PROBLEM DESCRIPTION: Each line, starting at the one with "Champion Kentucky tshirt" and running to the end of the data below, is to be set down again exactly, both ends included; leave pictures out.

SUPPLIED INFORMATION:
----------------
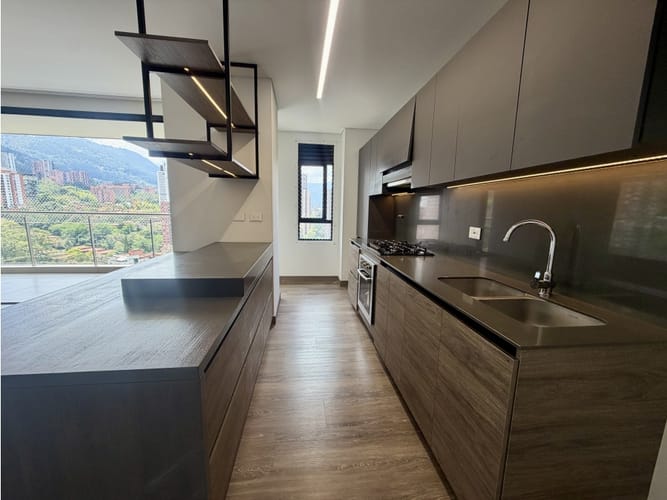 Apartamento de 3 alcobas en arriendo en Los Balsos, Medellín, 138 m² · foto 7 de 24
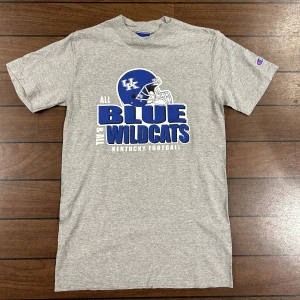 Champion Kentucky tshirt - Snygg vintage T-shirt i storlek S! Bara att skriva om du undrar över något🙏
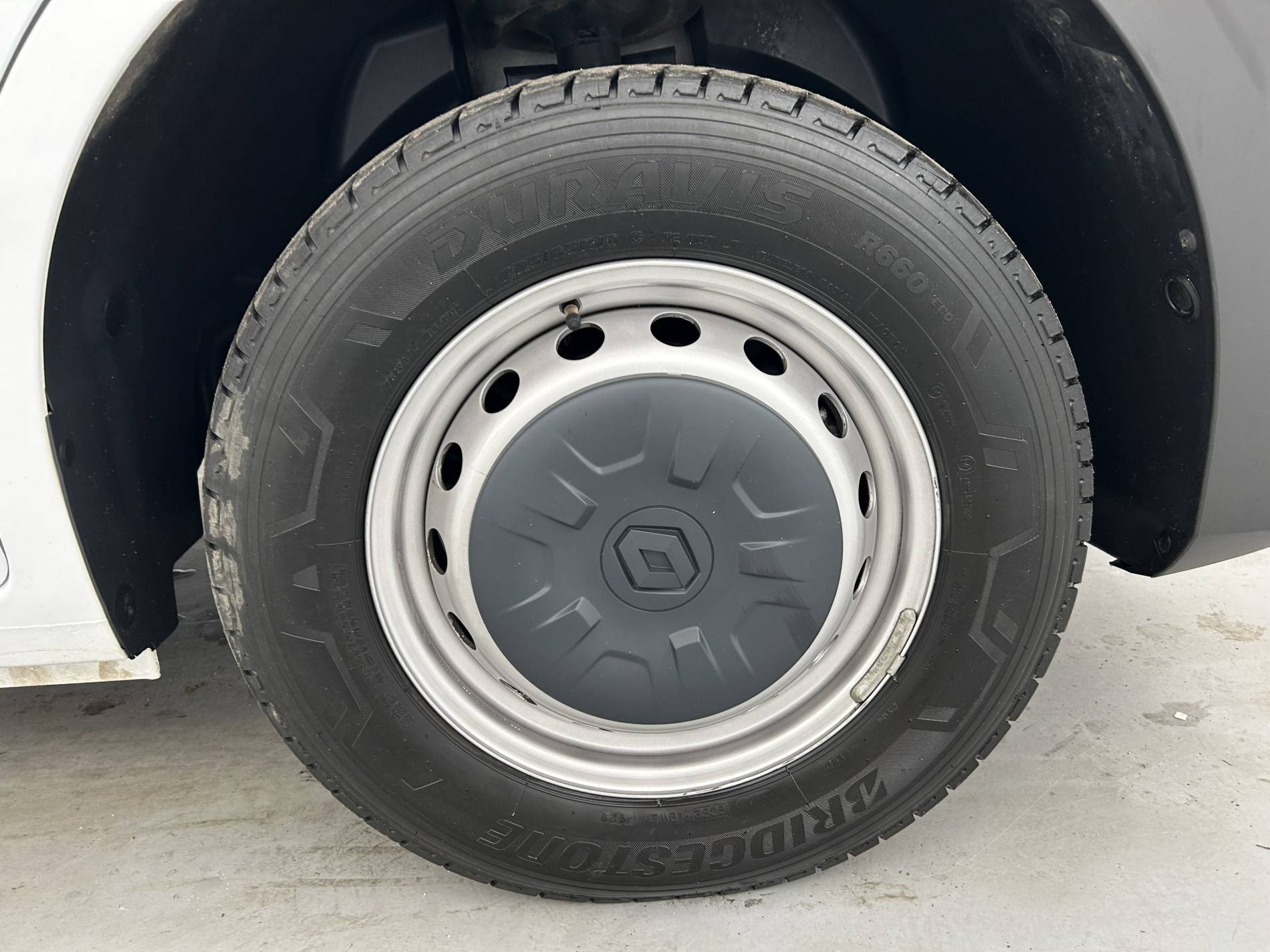 Vente en ligne Renault Master Fourgon MASTER FGN TRAC F3500 L2H2 BLUE DCI 135 au prix de 27 990 €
----------------
TASK RESPONSE:
 Champion Kentucky tshirt - Snygg vintage T-shirt i storlek S! Bara att skriva om du undrar över något🙏
 Vente en ligne Renault Master Fourgon MASTER FGN TRAC F3500 L2H2 BLUE DCI 135 au prix de 27 990 €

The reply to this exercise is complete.